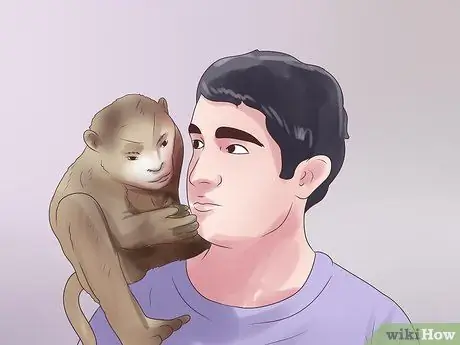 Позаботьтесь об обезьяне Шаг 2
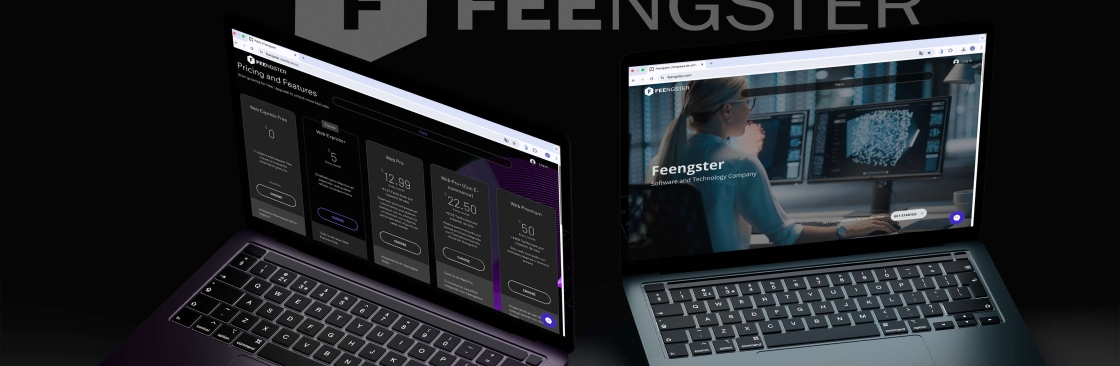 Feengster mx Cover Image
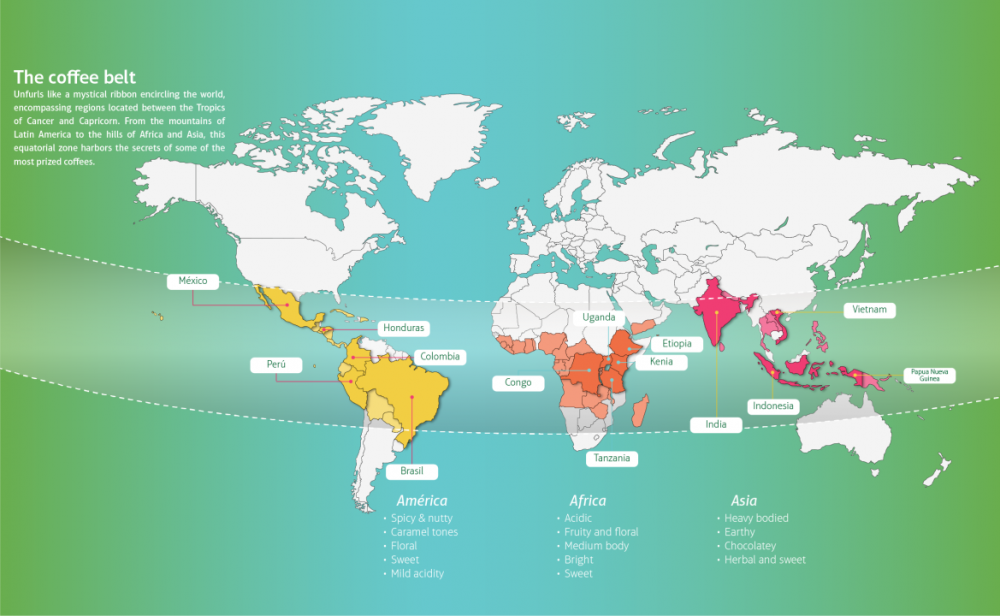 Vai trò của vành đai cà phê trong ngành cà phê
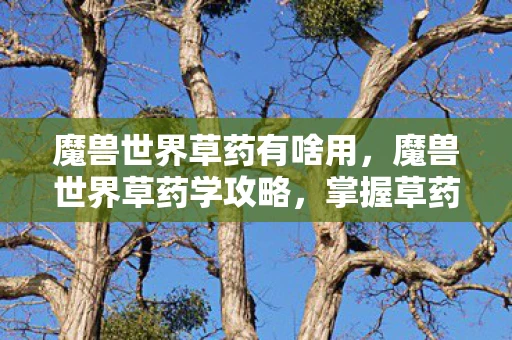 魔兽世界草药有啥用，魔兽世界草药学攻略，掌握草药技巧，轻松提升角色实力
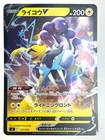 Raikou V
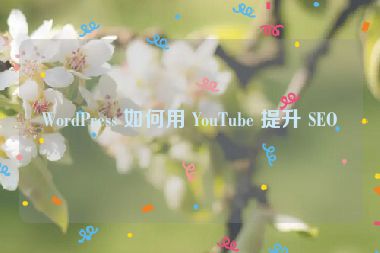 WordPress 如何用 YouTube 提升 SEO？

────────────────────────────────────────

#### About this task:
Your copy should consist only of the lines from the line holding "Vai trò của" through the final line of the listing above, both included, with all pictures omitted.

#### Result below:
 Vai trò của vành đai cà phê trong ngành cà phê
 魔兽世界草药有啥用，魔兽世界草药学攻略，掌握草药技巧，轻松提升角色实力
 Raikou V
 WordPress 如何用 YouTube 提升 SEO？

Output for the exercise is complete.